L'egoismo del runner, realtà o mito?

Correre è anche motivo di orgoglio perché, per quanta fatica costi e per quante ore di duro allenamento ci vogliano, ogni traguardo raggiunto è una conquista di inestimabile valore: non occorre essere runner da una vita, bastano pochi mesi di allenamento serio e appassionato per comprendere che la vita di un atleta che pratica questo sport è fatta di piccoli step, di obiettivi via via sempre più importanti e ambiziosi che costituiscono un crescendo di tutto; di entusiasmo, di volontà, di sacrificio e non da ultimo di determinazione. Un simile stato d’animo può forse essere definito narcisista, come sostengono in molti? E ancora, la filosofia del runner e la stessa del narciso, ovvero colui che si osserva allo specchio compiacendosi di quel vede, senza peraltro vedere nessun altro?

Dipende dai punti di vista. Perché sì, la filosofia del runner prevede anche un certo grado di ostentazione tipicamente narcisista, e ciò è più che mai evidente dalle foto che gli atleti pubblicano in gran numero sui social network. Foto che li ritraggono sudati, accaldati ma felici, intenti ad alzare una coppa o semplicemente nell’atto di raggiungere il traguardo, a pochi metri dall’agognato obiettivo. Scatti che postano e che per primi commentano, rispondendo poi ai commenti degli amici e pavoneggiandosi come dei veri narcisi.

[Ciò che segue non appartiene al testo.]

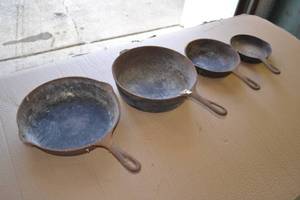 lot 262 image: (4) Vintage Cast Iron Pans (1) is a Griswold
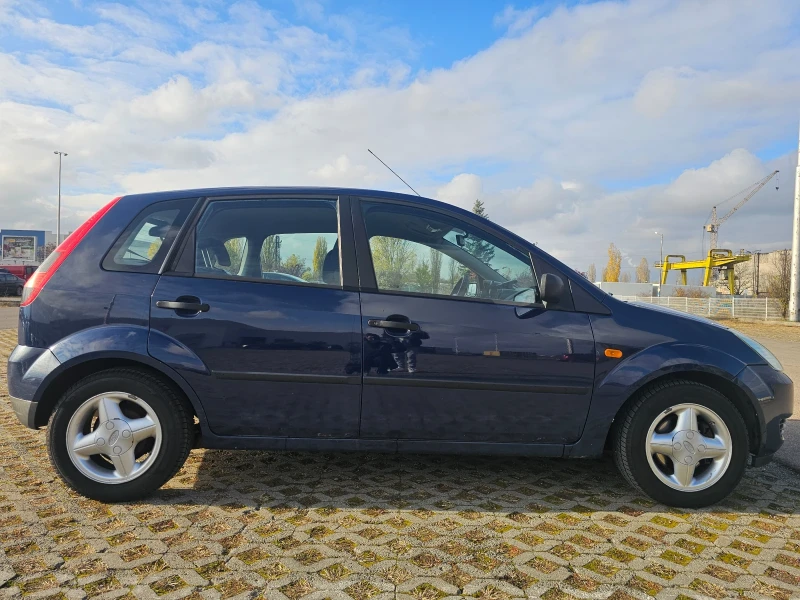 Ford Fiesta, снимка 3 - Автомобили и джипове - 48216016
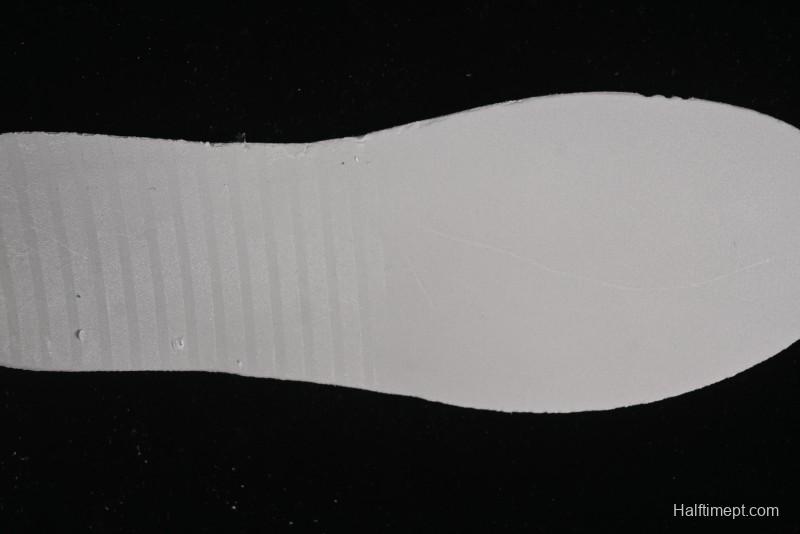 Nike SB Dunk Low x Undefeated Collaboration Casual Skate Shoes - UN1697-622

Eppure nel running anche questo è lecito perché in un certo senso è una forma di rivalsa contro tutti quelli che non comprendono, né comprenderanno mai, cosa c’è dietro una gara vinta, un traguardo tagliato, un obiettivo a lungo rincorso e finalmente raggiunto.

L'egoismo del runner, realtà o mito?

Non tutti capiscono perché ci si danna, perché ci si sacrifica e si sacrificano a volte anche gli altri, la vita affettiva e famigliare che invece nella morale comune dovrebbe avere la precedenza. Il runner dunque è anche egoista? Forse è vero anche questo, ma quel che è certo è che correre è ben più di uno sport: è uno stile di vita, è un’attitudine, è qualcosa a cui non si può sfuggire. E molti runner non conoscono altro modo di vivere che non sia correre, correre e ancora correre. Anche perché – e questo solitamente viene trascurato da chi giudica dall’esterno e pensa di sapere tutto – il running non presuppone sono uno sforzo fisico, ma anche un notevole impegno mentale. In altre parole è questione di testa, oltre che di fisico. E mentre si corre non si è avulsi da se stessi, non ci si riduce al corpo ma al contrario si pensa, si riflette e si riesce a mettere ordine persino nei pensieri più confusi.